Top of TASK MATERIAL

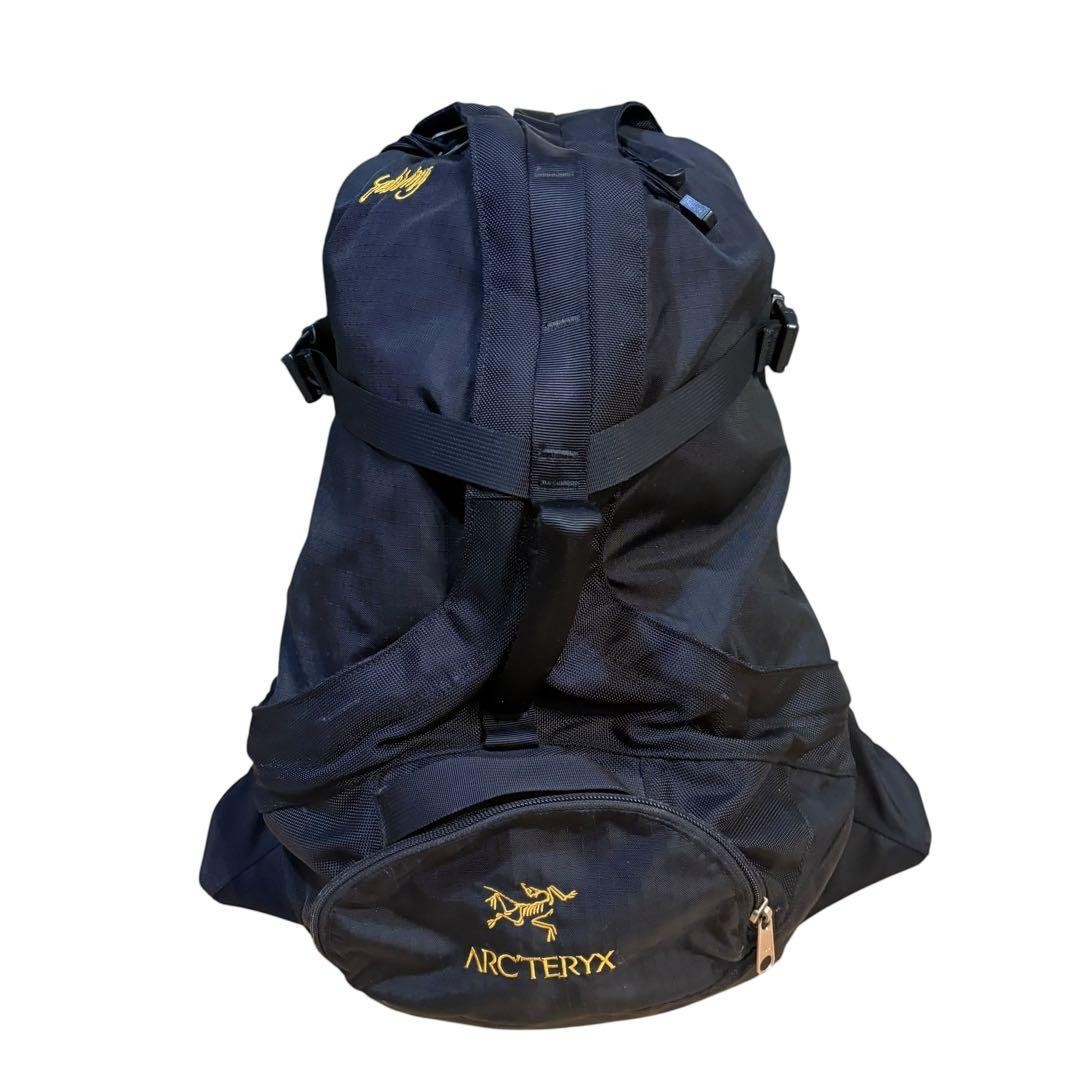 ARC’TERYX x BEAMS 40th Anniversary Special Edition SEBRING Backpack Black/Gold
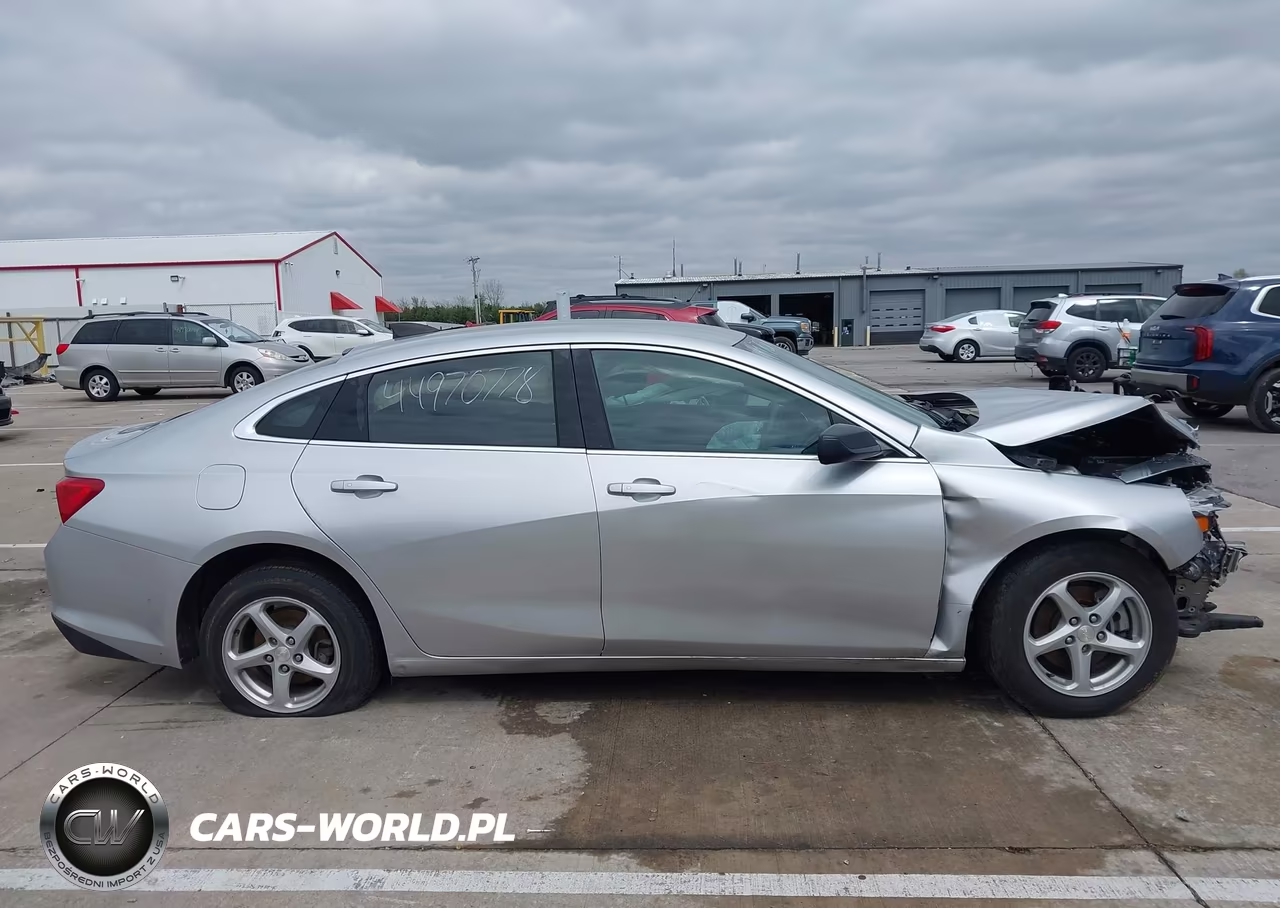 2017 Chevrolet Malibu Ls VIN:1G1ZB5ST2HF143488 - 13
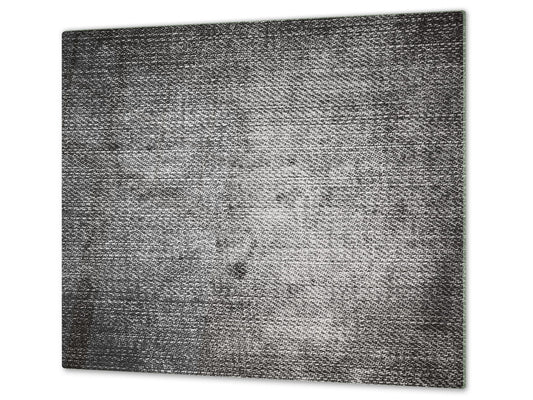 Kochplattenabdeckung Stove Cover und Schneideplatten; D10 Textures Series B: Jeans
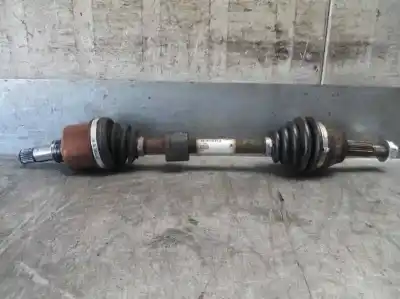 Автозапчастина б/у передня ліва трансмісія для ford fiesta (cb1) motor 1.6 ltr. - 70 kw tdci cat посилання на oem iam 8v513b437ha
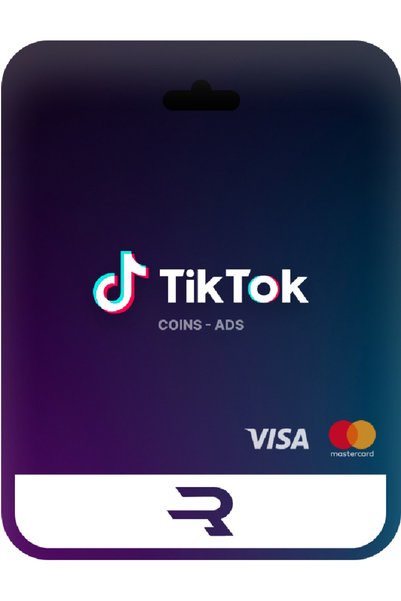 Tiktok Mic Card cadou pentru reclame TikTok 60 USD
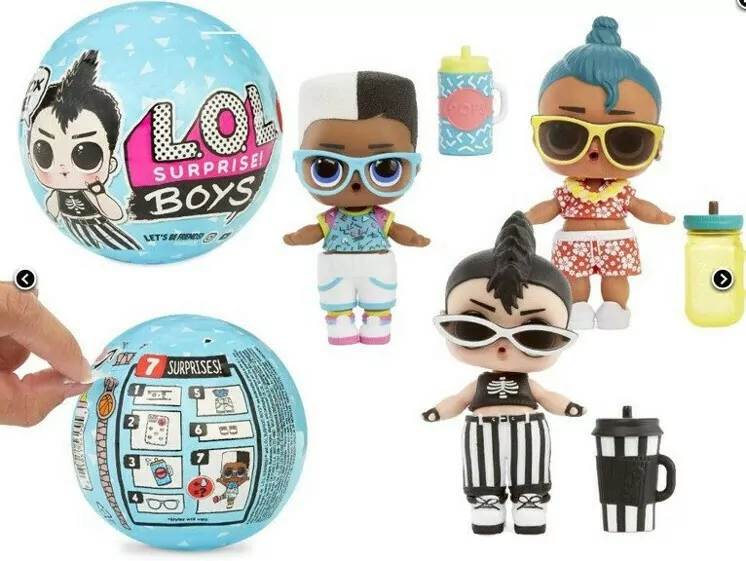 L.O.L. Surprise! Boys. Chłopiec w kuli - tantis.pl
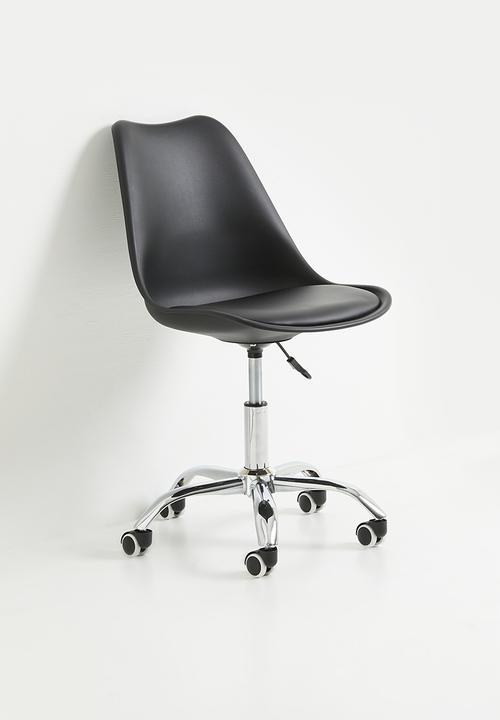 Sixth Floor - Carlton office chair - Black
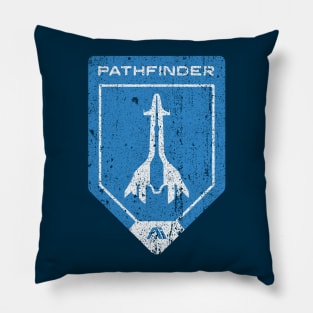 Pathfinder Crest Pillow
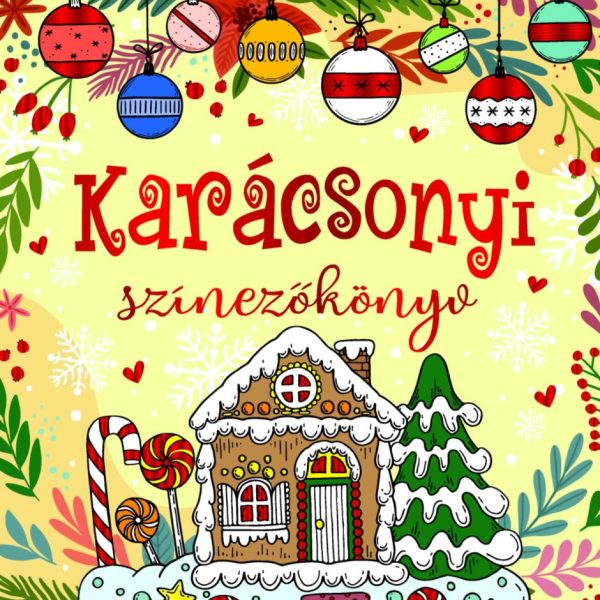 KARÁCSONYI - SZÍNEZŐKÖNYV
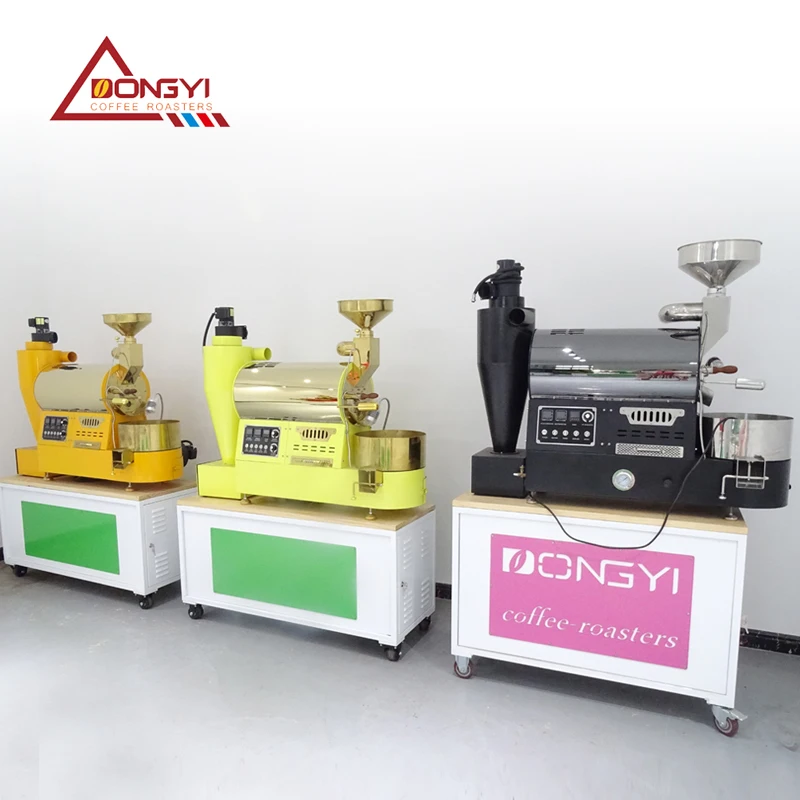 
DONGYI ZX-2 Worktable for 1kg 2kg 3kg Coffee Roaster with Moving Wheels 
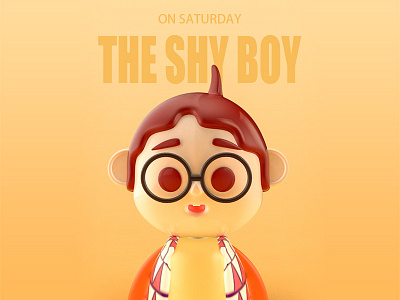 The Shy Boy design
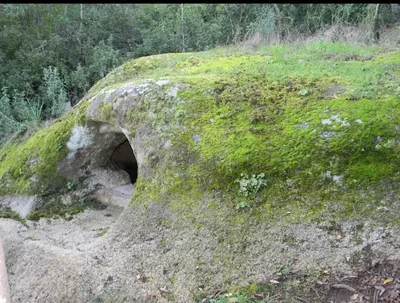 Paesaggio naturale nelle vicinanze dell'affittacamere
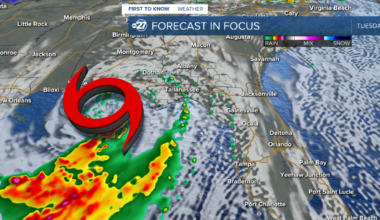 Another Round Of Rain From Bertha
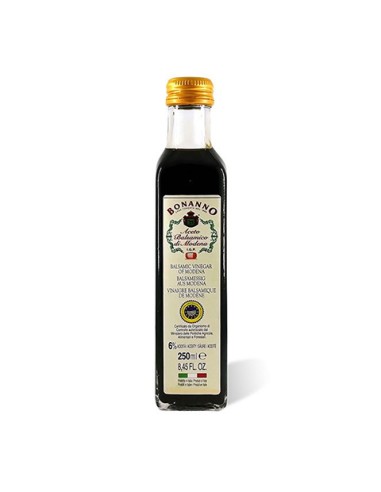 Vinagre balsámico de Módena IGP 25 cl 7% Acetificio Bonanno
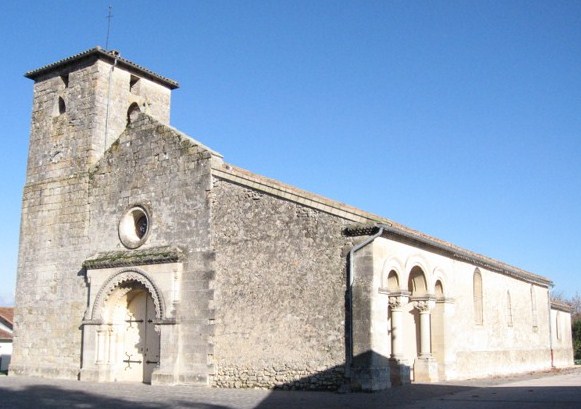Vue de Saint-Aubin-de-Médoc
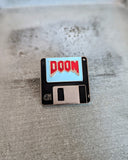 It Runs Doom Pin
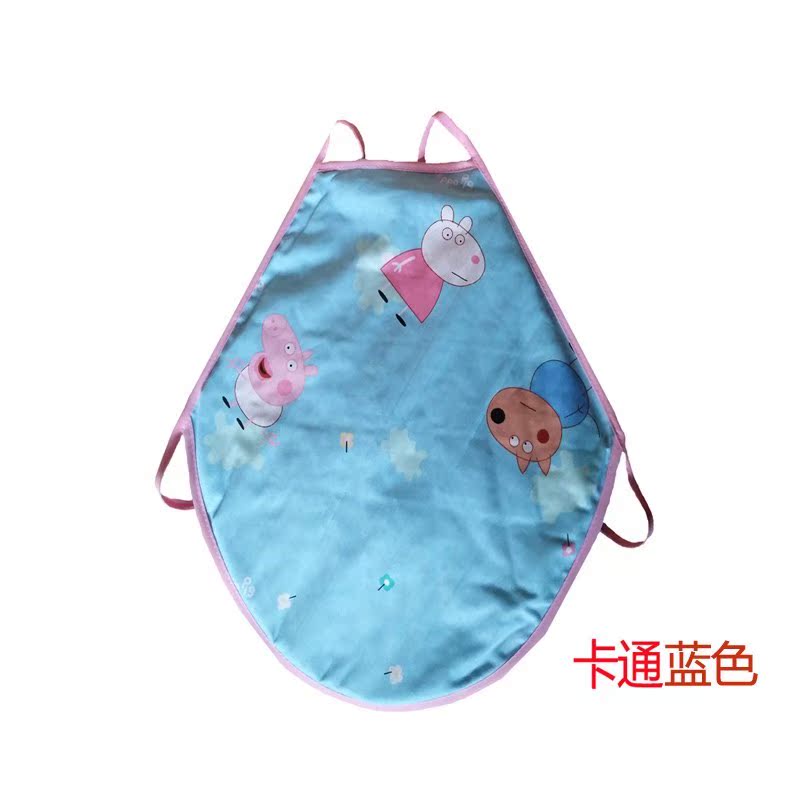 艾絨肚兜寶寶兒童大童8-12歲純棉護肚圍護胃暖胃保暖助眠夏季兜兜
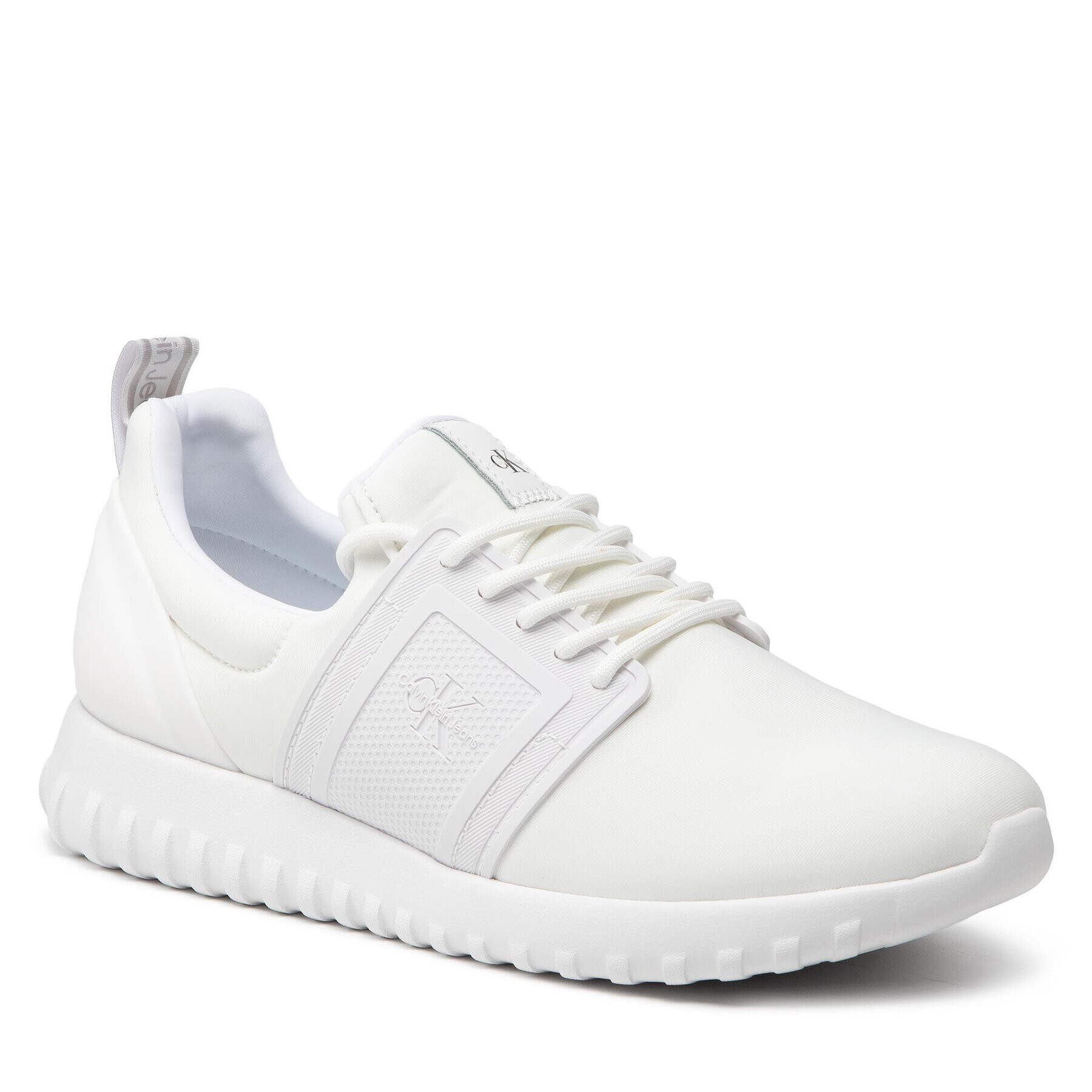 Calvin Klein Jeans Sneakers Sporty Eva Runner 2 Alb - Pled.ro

Bottom of TASK MATERIAL

▸ **YOUR OBJECTIVE**
The expected output is the exact run of lines from the first line of the material above through the line that contains "Tiktok Mic Card", minus any pictures.

▸ **EXERCISE OUTPUT**
 ARC’TERYX x BEAMS 40th Anniversary Special Edition SEBRING Backpack Black/Gold
 2017 Chevrolet Malibu Ls VIN:1G1ZB5ST2HF143488 - 13
 Kochplattenabdeckung Stove Cover und Schneideplatten; D10 Textures Series B: Jeans
 Автозапчастина б/у передня ліва трансмісія для ford fiesta (cb1) motor 1.6 ltr. - 70 kw tdci cat посилання на oem iam 8v513b437ha
 Tiktok Mic Card cadou pentru reclame TikTok 60 USD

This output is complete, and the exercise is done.